#### The problem
Would you please return the data below verbatim, without its pictures?

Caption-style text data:

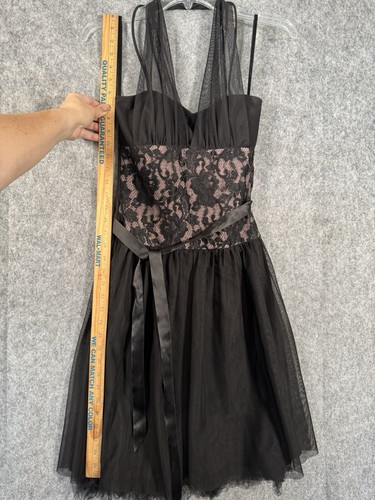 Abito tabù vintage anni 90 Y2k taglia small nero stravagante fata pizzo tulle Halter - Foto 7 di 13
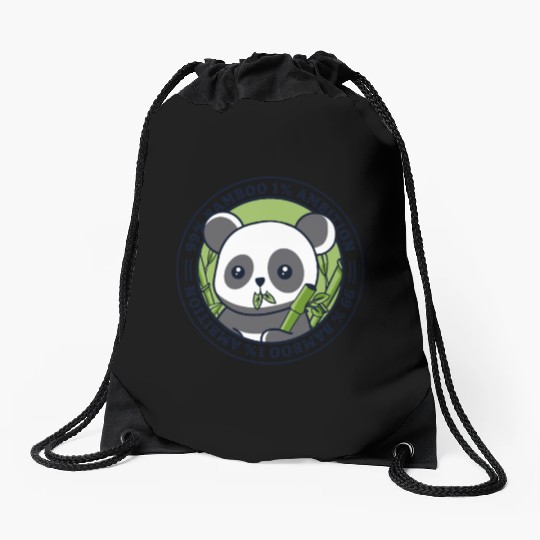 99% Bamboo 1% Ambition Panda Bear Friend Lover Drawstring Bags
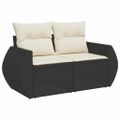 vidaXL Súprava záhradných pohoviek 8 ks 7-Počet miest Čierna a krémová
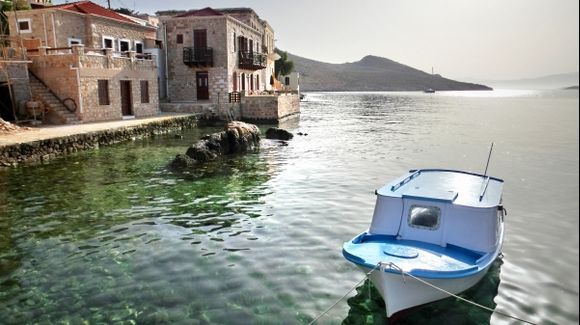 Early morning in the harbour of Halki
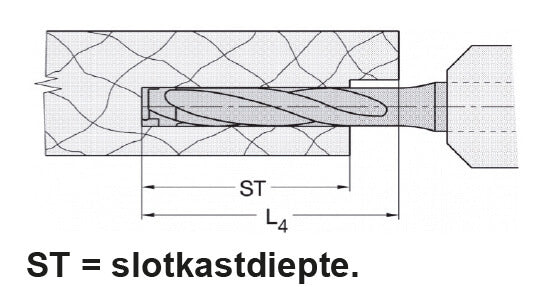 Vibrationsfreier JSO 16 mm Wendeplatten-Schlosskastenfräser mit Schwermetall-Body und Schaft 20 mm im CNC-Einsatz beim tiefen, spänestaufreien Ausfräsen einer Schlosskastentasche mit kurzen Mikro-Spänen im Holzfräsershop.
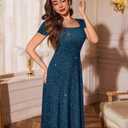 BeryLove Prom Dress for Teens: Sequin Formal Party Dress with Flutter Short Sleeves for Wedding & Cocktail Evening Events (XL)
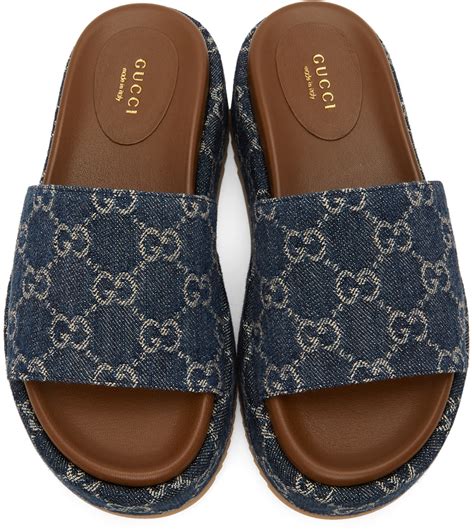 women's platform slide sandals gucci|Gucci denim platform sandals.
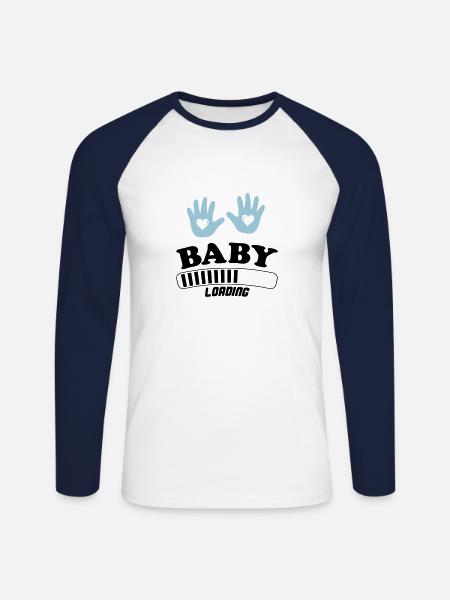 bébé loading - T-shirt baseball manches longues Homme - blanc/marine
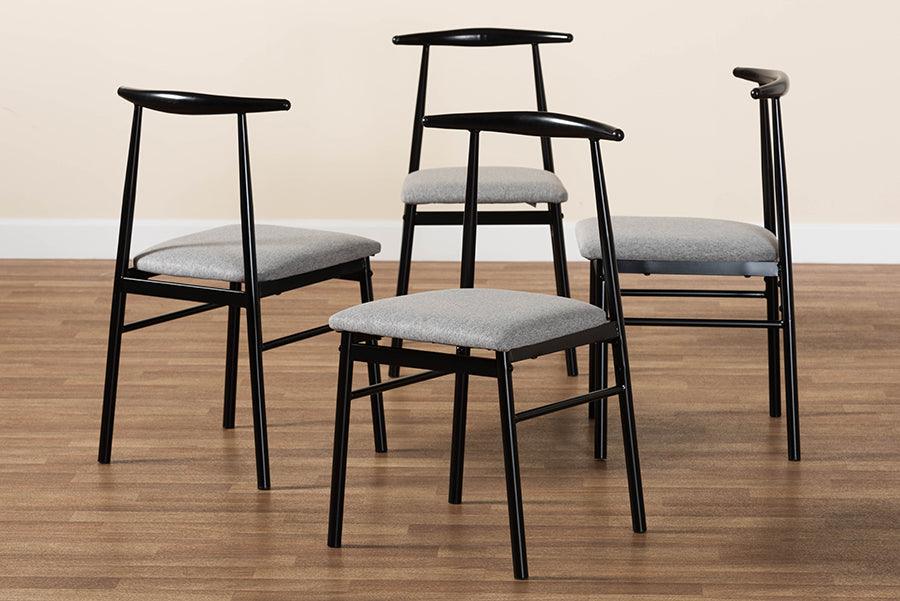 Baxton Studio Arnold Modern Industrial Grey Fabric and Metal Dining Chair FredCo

#### Answer for this exercise
 Abito tabù vintage anni 90 Y2k taglia small nero stravagante fata pizzo tulle Halter - Foto 7 di 13
 99% Bamboo 1% Ambition Panda Bear Friend Lover Drawstring Bags
 vidaXL Súprava záhradných pohoviek 8 ks 7-Počet miest Čierna a krémová
 Early morning in the harbour of Halki
 Vibrationsfreier JSO 16 mm Wendeplatten-Schlosskastenfräser mit Schwermetall-Body und Schaft 20 mm im CNC-Einsatz beim tiefen, spänestaufreien Ausfräsen einer Schlosskastentasche mit kurzen Mikro-Spänen im Holzfräsershop.
 BeryLove Prom Dress for Teens: Sequin Formal Party Dress with Flutter Short Sleeves for Wedding & Cocktail Evening Events (XL)
 women's platform slide sandals gucci|Gucci denim platform sandals.
 bébé loading - T-shirt baseball manches longues Homme - blanc/marine
 Baxton Studio Arnold Modern Industrial Grey Fabric and Metal Dining Chair FredCo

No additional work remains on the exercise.